A first version of the script that is as simple as possible to get the job done is found below:

import csv
import time
from selenium import webdriver

URL = ""

driver = webdriver.Chrome("./chromedriver")

# Prepare CSV file
csvFile = open("reviews.csv", "w", newline='', encoding="utf-8")
csvWriter = csv.writer(csvFile)

# Find and click the More link (to load all reviews)
driver.find_element_by_xpath("//span[@class='taLnk ulBlueLinks']").click()
time.sleep(5) # Wait for reviews to load

reviews = driver.find_elements_by_xpath("//div[@class='ui_column is-9']")
num_page_items = min(len(reviews), 10)

# Loop through the reviews found
for i in range(num_page_items):
    # get the score, date, title and review
    score_class = reviews[i].find_element_by_xpath(".//span[contains(@class, 'ui_bubble_rating bubble_')]").get_attribute("class")
    score = score_class.split("_")[3]
    date = reviews[i].find_element_by_xpath(".//span[@class='ratingDate']").get_attribute("title")
    title = reviews[i].find_element_by_xpath(".//span[@class='noQuotes']").text
    review = reviews[i].find_element_by_xpath(".//p[@class='partial_entry']").text.replace("\n", "")
    # Save to CSV
    csvWriter.writerow((score, date, title, review))

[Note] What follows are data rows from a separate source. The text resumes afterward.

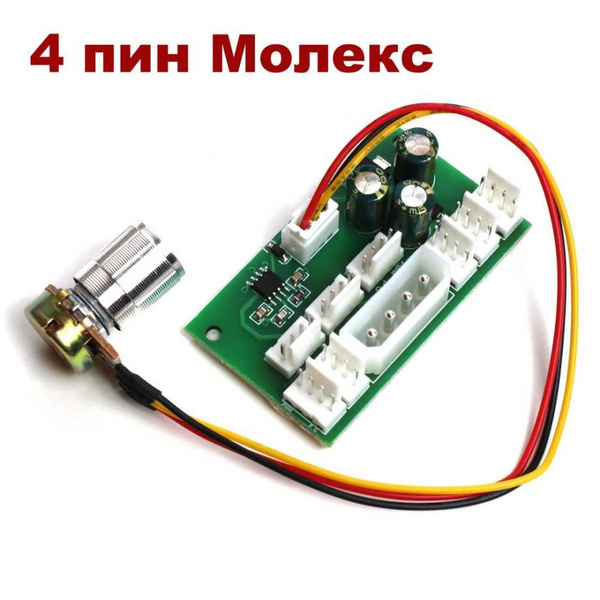 Реобас для мощных вентиляторов 8-канальный с выносным регулятором ...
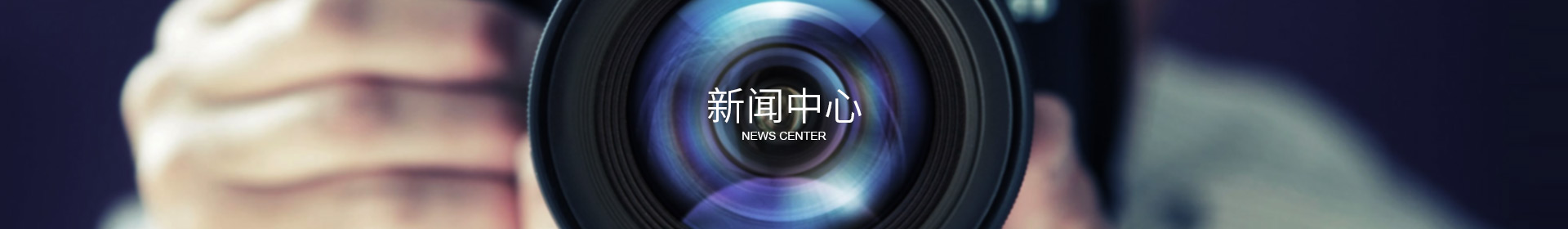 云开app官方在线入口-云开yunkai（中国）
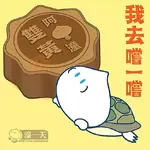 阿潼過中秋2026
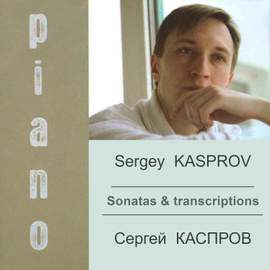 Sonatas & Transcriptions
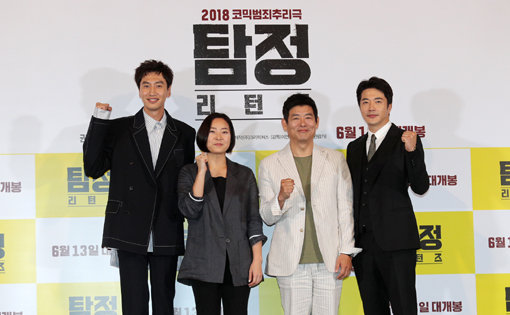 30일 오후 서울 용산CGV에서 열린 영화 ‘탐정: 리턴즈’ 언론시사회에서 이광수, 이언희 감독, 성동일, 권상우(왼쪽부터)가 흥행을 기원하는 포즈를 취하고 있다. 사진제공|스포츠코리아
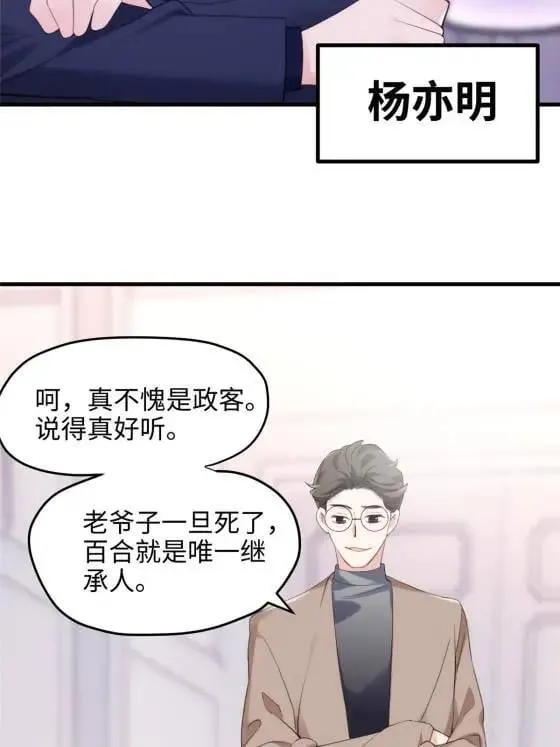 71 十个哥哥们 第48页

# Close CSV file and browser

Sample output

Once the scraper runs successfully, it will produce a file named reviews.csv with the structure of the sample below:

50,"August 8, 2020",We love your pizzas!,"I went to this restaurant yesterday evening with some friends, ..."
50,"August 6, 2020",Most enjoyable meal in Malta,"Came to this little restaurant by accident, very glad we did..."
50,"March 6, 2020",#Osema,Good and reasonable food nice ambient highly recommended excellent service will visit again for sure
50,"March 6, 2020",#Osems,Excellent service with good food and very nice and kind staff will not be our last time here...

Scraper limitations

It was decided to keep this part as simple as possible. The following limitations exist in the current version of the scraper and will be addressed in the next article in the series:

  • Only reviews on the first page are saved
  • A maximum of 10 reviews (or less) are saved
  • TripAdvisor filters out any non-English reviews by default
  • The scraper will wait 5 seconds after clicking More, even if the reviews load in less time
  • General script maintainability and efficiency can be improved.